There might be some benefits, but they appear to be in favour of universities who get the planning and operational certainty and income projections. Benefits for students are less clear, particularly as unconditional or low-stake offers can come as early as April of year 12. Some schools report that students with early offers “check out” of their studies, lose motivation, or do not fully invest in final exams.
The issue at the heart of these concerns is equity. While some students get the benefit of early entry, others are denied. Christians should be concerned about such matters. Matters of justice is not an optional extra for a Christian world view.
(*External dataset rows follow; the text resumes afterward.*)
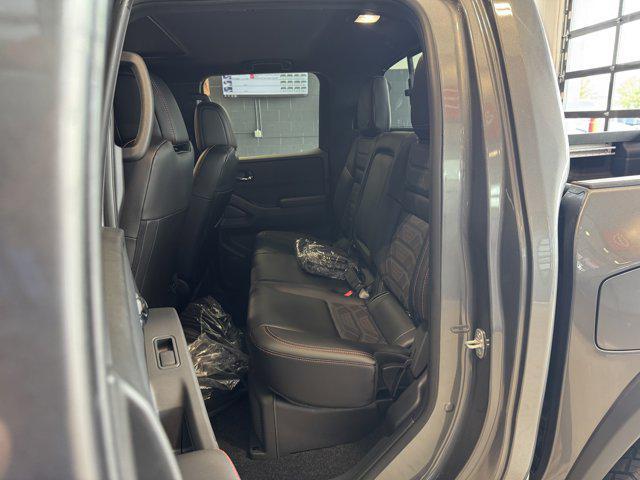 new 2025 Nissan Frontier car, priced at $48,503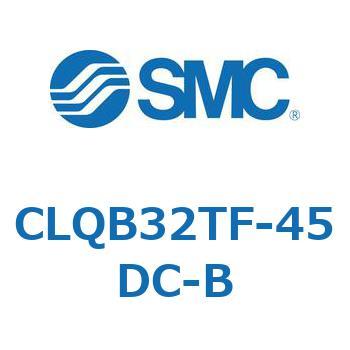 CLQB32TF-45DC-B ロック付薄形シリンダ CLQB3 SMC 複動片ロッド チューブ内径32mmシリンダストローク45mm 14,804円
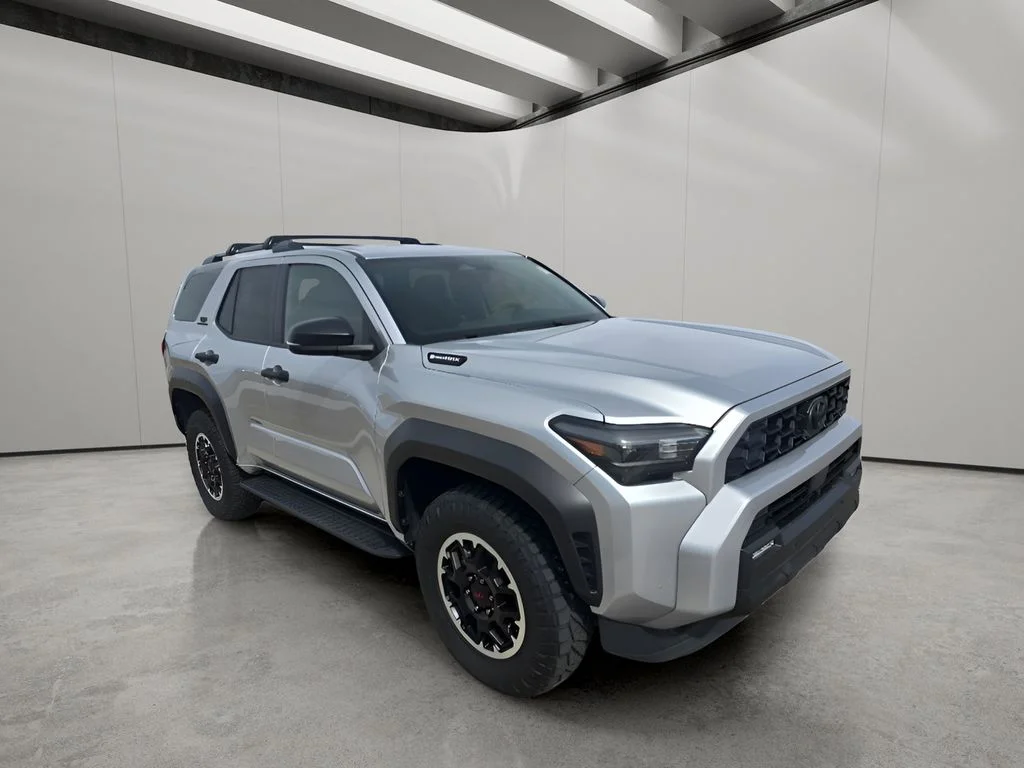 Used 2025 Cutting Edge Toyota Hybrid TRD Off Road image 7
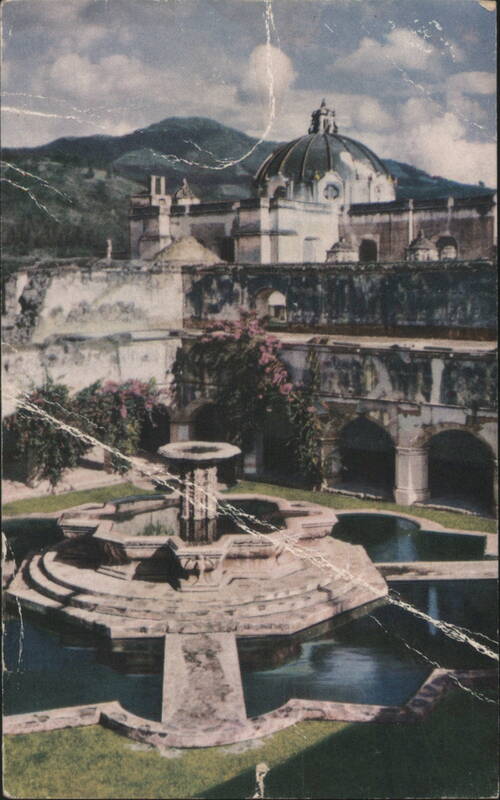 Convent of La Merced, Antigua, Guatemala Julio Zadik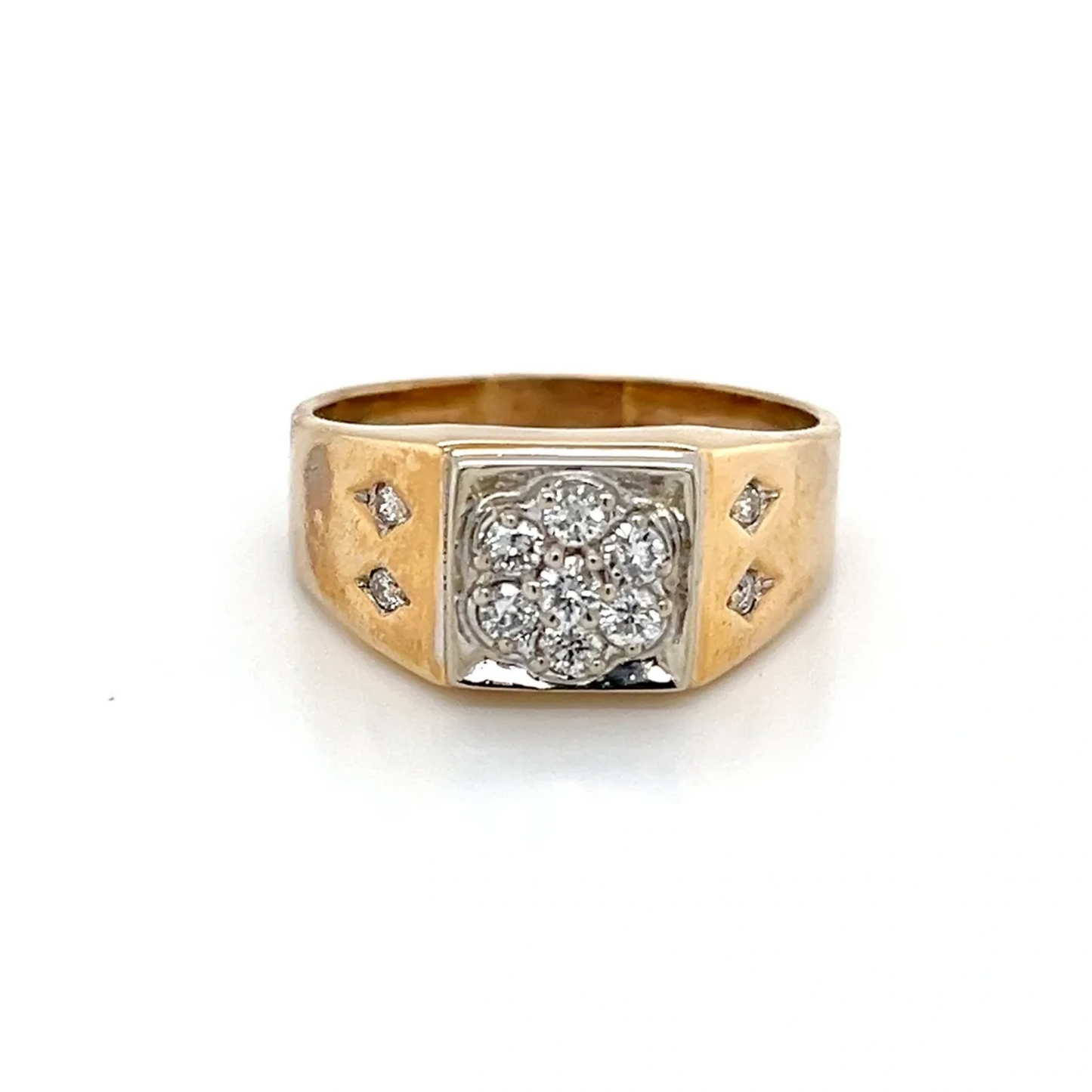 1/4 Carat Gent's Diamond Ring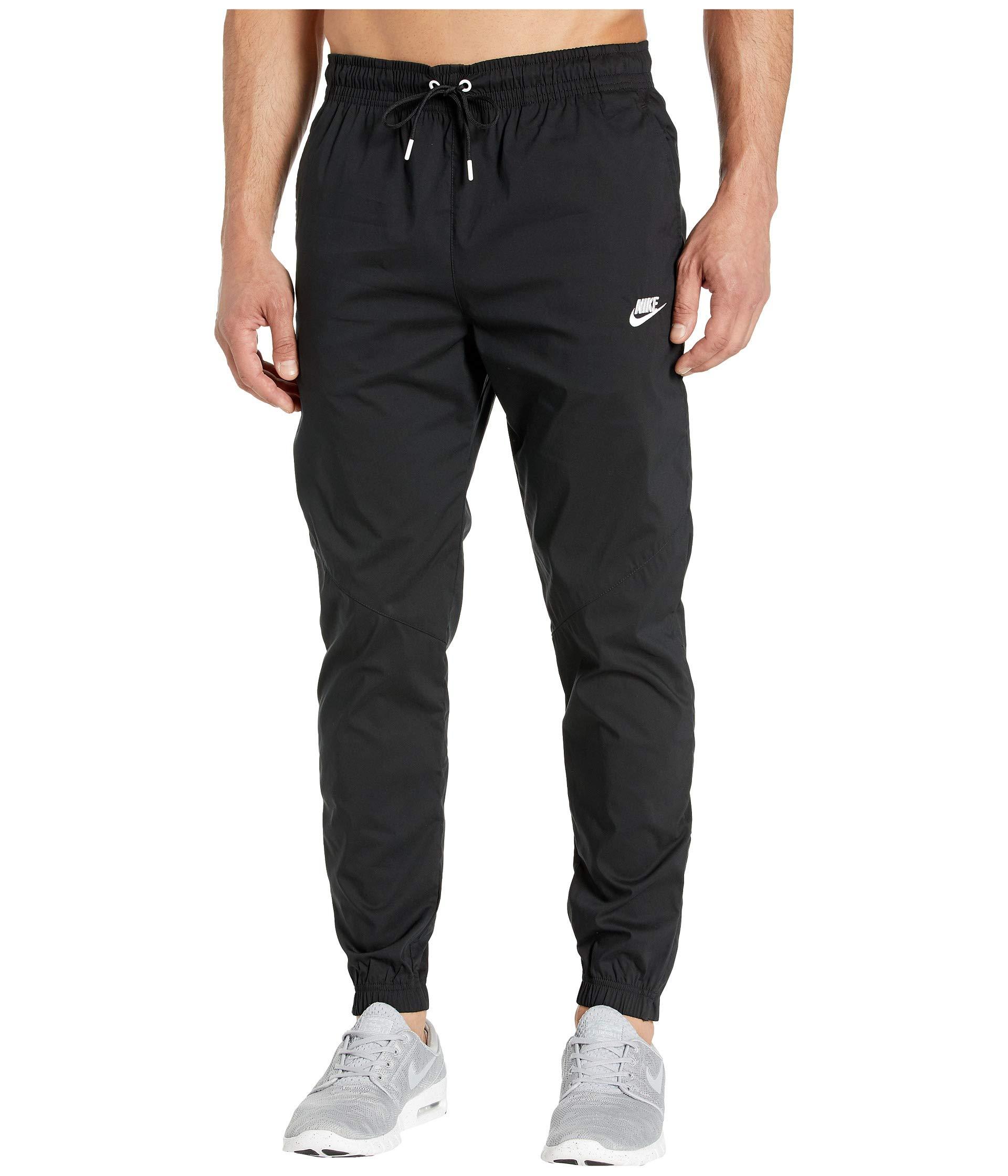 Nike Nsw Windrunner Street Pants in Black for Men - Lyst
McInerny applauds that the NSW government has commissioned a review of early offers, and makes some suggestions:
- early offers should be required to be conditional; a minimum academic requirement is perfectly reasonable.
- there should be a limit to just how early these early offers can be made (say, September).
- early offers should be managed centrally through UAC rather than directly with individual universities, thereby allowing regulators to monitor the effects of the various schemes.
Obviously, ATAR is an imperfect measure on its own, but there are already adjustment factors (formerly known as bonus points) as well as a host of scholarships (rural, ATSI, dux, financial hardship, etc.) designed to address its limitations.
The review by the NSW government will be eagerly awaited but the cat is out of the bag and unlikely to be put back. How much this approach of early entry can have boundaries put on it by the review is difficult to say. Some modification is possible but wholesale change – I doubt it. Too many vested interests and loss of privilege are at stake. But Christians should support approaches that provide for equity and hence justice.